I’m not naming names, but given that the messages coming from The White House can at times appear to contradict each other, this raw material is crucial, both for the historical record, and for building a base of research that others can analyze.

Also, the full, unedited interview can remove potential questions as to whether comments are in context. Personally, I think that is in nearly every case a ridiculous argument, but the argument can’t be made if there’s no edits.

So I’m making both a public plea, and an offer: please, in the name of all that is good in the world, once you’ve run your stories and pieces, please publish and share the raw materials. Pull any off-the-record comments, but otherwise, share the raw audio, video and text.

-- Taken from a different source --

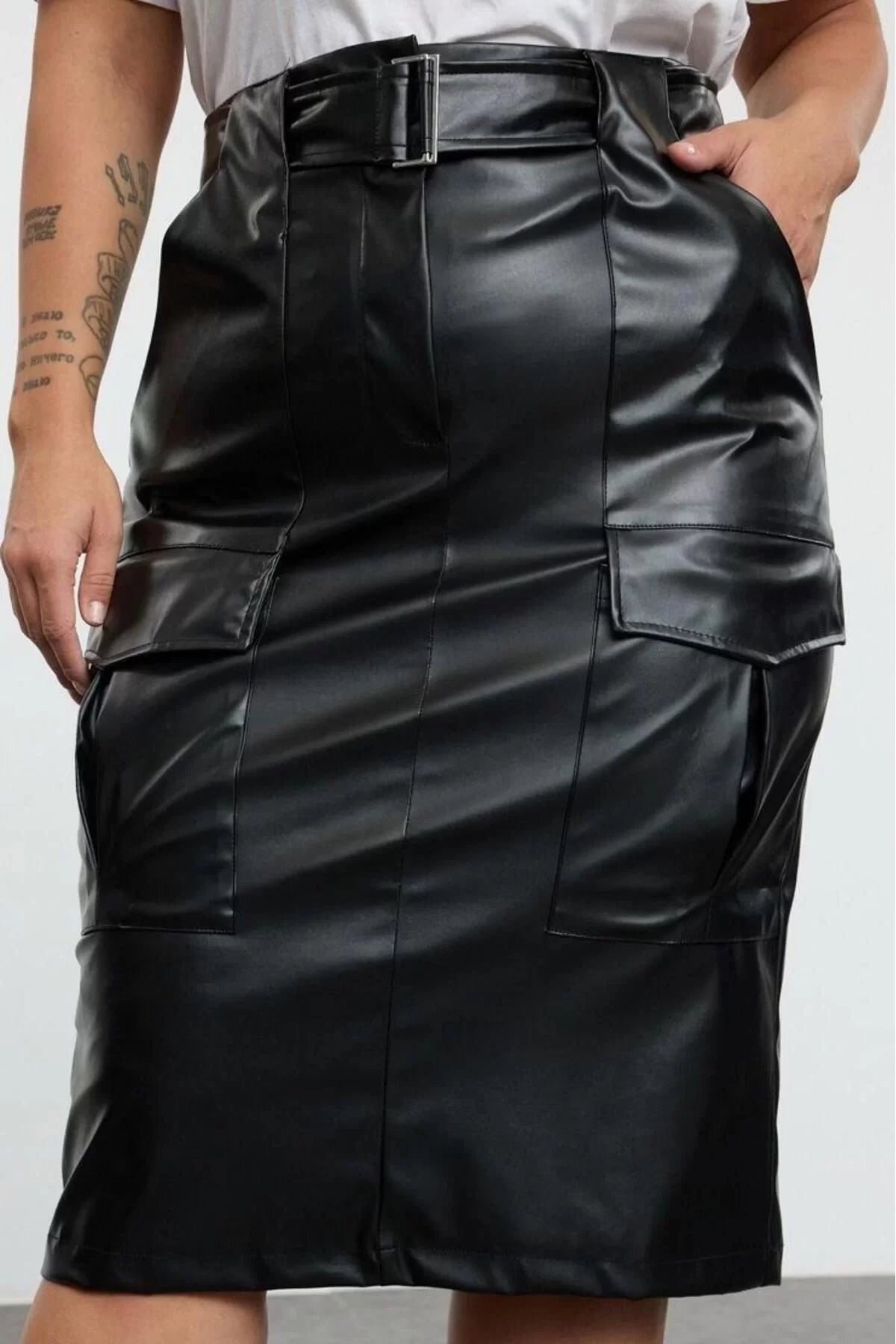 Women Fashion Style Midi Unlined Woven Plus Size Faux Leather Pocket Woven Skirt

Since everyone has a few things to do nowadays, here’s what we’ll offer for any interview with the President, if time or resources constrains a full transcript or sharing raw video and/or audio.

  1. Factba.se will happily, and freely, transcribe in full any video or audio provided, both via Margaret, and with a human editor to verify.
  2. Factba.se will provide, via a spreadsheet or any other medium, ALL metadata developed. This is the stuff that is behind the scenes (not for long) on our site. If audio, you’ll get back second-by-second audio analysis of voice stress and emotion, which is keyed to Trump (the sotto voce whisper). If video, it will include facial expressions, smile/frown, gestures and other analysis (clothing identification, colors, smile / frown, the two-handed punctuation I myself have as a third-generation bridge-and-tunnel child, etc). It is even learning to pick up when he flushes (complexion change). It will be a lot. But it will be everything.
  3. We will provide the full keyword and entity extraction, by three-sentence pair, section and overall, both for the entire interview, and specifically on just when Trump is speaking.
  4. We will provide the full-range of analysis. Grade-level models, sentiment, emotion… all of it.
  5. We will respect any and all embargoes given. We are not meant to be a news organization. If you’d like us to hold until a day, two days, three days after the stories run before integrating and sharing the information, fine. You’re the boss. It’s your interview. You get it back first and control the story.
  6. If a human is in the mix editing, figure two hours per hour of video/audio for transcript. If you don’t mind raw from Margaret (she’s close to 95% dead on now), 90 seconds per hour. We just need a little notice to plan our day to be ready for it if you want a quick turnaround.
  7. We will, of course, link out to your pieces from the text.
  8. If there are any other requests… fine. Our interest is the record, and sharing the resulting analysis.

We’re not looking to create a hippie commune. We are looking, however, to unleash the data that is contained in your excellent work, in a way that does not conflict with your job.

Also, on the off chance Margaret becomes sentient again, you’ll be in her good graces.